Education in America

I was reading a series of short opinion pieces concerning the current fad for blaming the teachers of public schools for every wrong known to man in The New York Times this morning, something that they published under the rubric "Room for Debate." They published eight different views from "both sides" of the issue (God forbid that we ever take a look at a problem from a nonbinary, multidimensional viewpoint) and, outside of the first piece by Diane Ravitch, it was all twaddle.

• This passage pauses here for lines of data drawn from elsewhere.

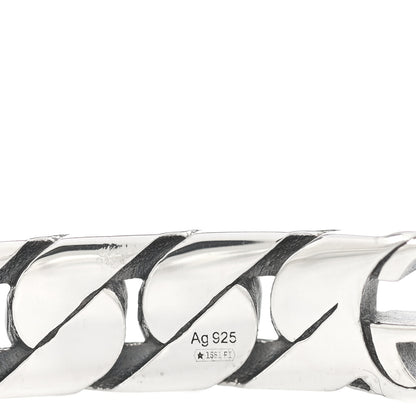Gucci Sterling Silver Interlocking G Cuff Bracelet 19 5 of 7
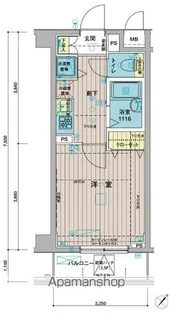 メインステージときわ台Ⅱ【203号室号室】の間取り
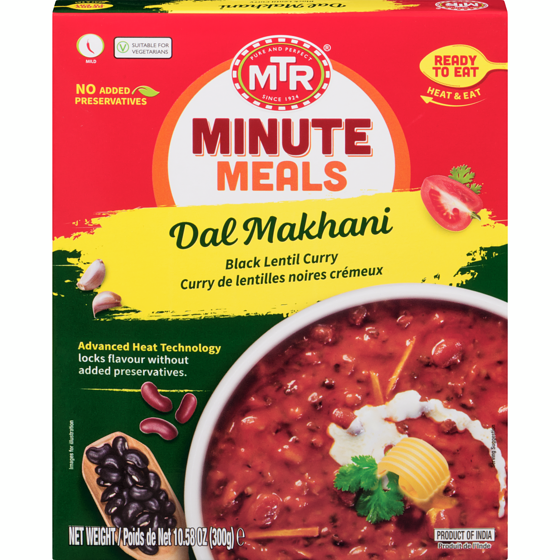MTR Dal Makhani 300 g, $1.00/100g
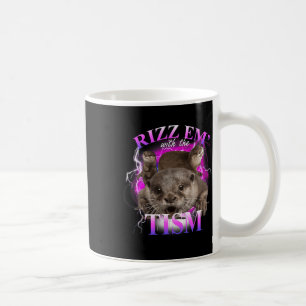 Autism Funny Rizz Em With The Tism Meme Autistic O Coffee Mug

My discomfort with the manner is which we talk about education in this country dates back at least to the reign of the first President Bush and perhaps before. The buzzwords have always been ones such as "performance" and "standards" and "testing," and everyone involved would nod sagely and agree that all three of these things in the US was substandard, in tatters, motheaten, weather-stained, a disaster, a corruption, a smear of the young, a shame to the old, a bleeding of the taxpayer. Since the days of Good King Bush II, the answer has repeatedly been framed in the guise of testing and punishment for those who do not perform, a vituperative, judgmental, punitive approach that wreaks havoc on schools in poor neighborhoods and rewards school in wealthy districts. It is now being used to vilify teachers and attack the concept of unionization. Were I a Marxist historian, and I am neither, I might be tempted to draw conclusions concerning the drift of sentiment by workers away from people of their own class and in favor of corrupt capital. Were I a Marxist historian.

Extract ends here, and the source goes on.